Ask a stockbroker what the biggest threat to the current rally is and he or she will probably respond with a one-word answer – tightening. In fact, an increasingly common fear among traders is that the end of ultra loose monetary policy, and the withdrawal of fiscal stimulus, could bring the whole market crashing down as it did in 1938.
Whether you subscribe to that view or something more benign, the moment of reckoning is drawing near. The rally, which started back in March and has seen the FTSE 100 rise 44 per cent, is about to face its biggest test.
In the past month, authorities round the world have started to withdraw some of the emergency measures that have helped pull the global economy out of recession.
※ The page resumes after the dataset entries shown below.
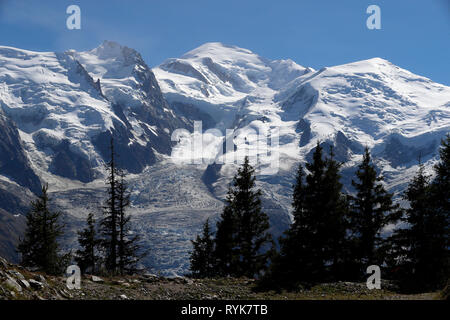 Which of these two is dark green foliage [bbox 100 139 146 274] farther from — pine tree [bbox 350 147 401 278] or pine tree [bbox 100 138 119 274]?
pine tree [bbox 350 147 401 278]

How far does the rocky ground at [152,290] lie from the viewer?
813 inches

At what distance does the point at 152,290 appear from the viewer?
2583 cm

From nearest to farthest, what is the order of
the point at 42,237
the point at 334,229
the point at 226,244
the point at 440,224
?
the point at 440,224 → the point at 334,229 → the point at 42,237 → the point at 226,244

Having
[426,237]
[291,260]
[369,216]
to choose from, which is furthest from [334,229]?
[426,237]

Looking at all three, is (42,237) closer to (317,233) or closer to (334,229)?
(317,233)

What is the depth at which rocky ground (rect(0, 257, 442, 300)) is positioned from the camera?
2064 centimetres

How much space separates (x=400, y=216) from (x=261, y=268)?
1336 cm

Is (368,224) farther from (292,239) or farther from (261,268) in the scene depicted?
(261,268)

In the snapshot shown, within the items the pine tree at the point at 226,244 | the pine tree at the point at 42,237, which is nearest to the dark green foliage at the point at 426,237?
the pine tree at the point at 226,244

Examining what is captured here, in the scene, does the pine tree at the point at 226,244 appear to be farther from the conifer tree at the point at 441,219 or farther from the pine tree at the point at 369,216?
the conifer tree at the point at 441,219

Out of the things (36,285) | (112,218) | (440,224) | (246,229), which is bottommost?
(36,285)

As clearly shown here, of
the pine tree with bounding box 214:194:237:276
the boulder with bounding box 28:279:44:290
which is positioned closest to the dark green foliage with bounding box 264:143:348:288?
the pine tree with bounding box 214:194:237:276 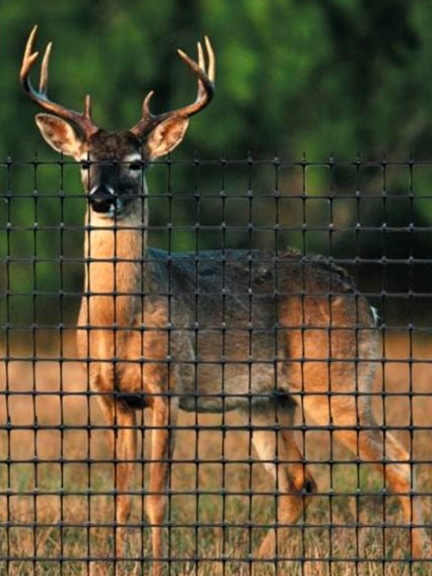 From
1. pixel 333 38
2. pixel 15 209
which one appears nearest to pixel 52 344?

Australia and Israel have lifted interest rates and on Wednesday, Norway became the first country in Europe to do so. Bank of Japan has just started its withdrawal from credit markets.
Historically, tightening periods have not been positive for equities, although they have created buying opportunities.
Morgan Stanley’s Teun Draaisma has examined 19 “secular” bear markets and found that after the rebound rally (which averages 71 per cent over 17 months) the correction that follows when the tightening cycle begins, averages 25 per cent over 13 months.
However, that is just an average figure and it is worth remembering that US equity markets fell 50 per cent in 1938 after fiscal stimulus was withdrawn. As David Einhorn, of hedge fund Greenlight Capital, noted in a recent speech it is possible that something similar could happen this time.
“An alternative lesson from the double dip the economy took in 1938 is that the GDP [growth] created by massive fiscal stimulus is artificial. So whenever it is eventually removed, there will be significant economic fallout.”
Indeed, the extent to which the record stimulus packages have boosted the US economy was evident in Thursday’s preliminary gross domestic product data.
The headline figures showed the US economy had grown at an annualised rate of 3.5 per cent in the third quarter. However, economists reckoned underlying growth was closer to 2 per cent once temporary factors such as the “cash-for-clunkers” car rebate scheme, tax incentives for first-time homebuyers and a big swing in inventories, were stripped out.
Of course, not everyone thinks panic will ensue once monetary and fiscal support is withdrawn. One is Tim Bond, of Barclays Capital, who says such concerns are overplayed. He says inventories were cut too aggressively in the post-Lehman Brothers panic and are now far too low in relation to demand. As such, output will continue to rise in the quarters ahead regardless of stimuli, as companies restock, returning the labour market to positive growth and in turn boosting household income and spending.
Equity strategists at JPMorgan are also sanguine. They claim turns in monetary policy have not been long-term game changers for equity markets. “The start of tightening produces a dip which should be bought into,” they say.
Markets will get a better idea of when policy normalisation might start next week when the rate-setting committees of the US Federal Reserve, the Bank of England and the European Central Bank all meet.
In light of recent weak GDP data, the Bank is likely to keep rates on hold until the tail end of next year and could conceivably extend its policy of quantitative easing.
However, the most important signal will not come from the Bank (or the ECB) but the Fed. And it is likely to signal any upcoming change in policy with a subtle change in its language. Mr Draaisma thinks the Fed’s statement that rates will be low for an “extended period” will probably be maintained until it is very close to lifting rates – which he says could happen in the second quarter.
Only then, or perhaps later, will we find out if the experience of 1938 will be repeated.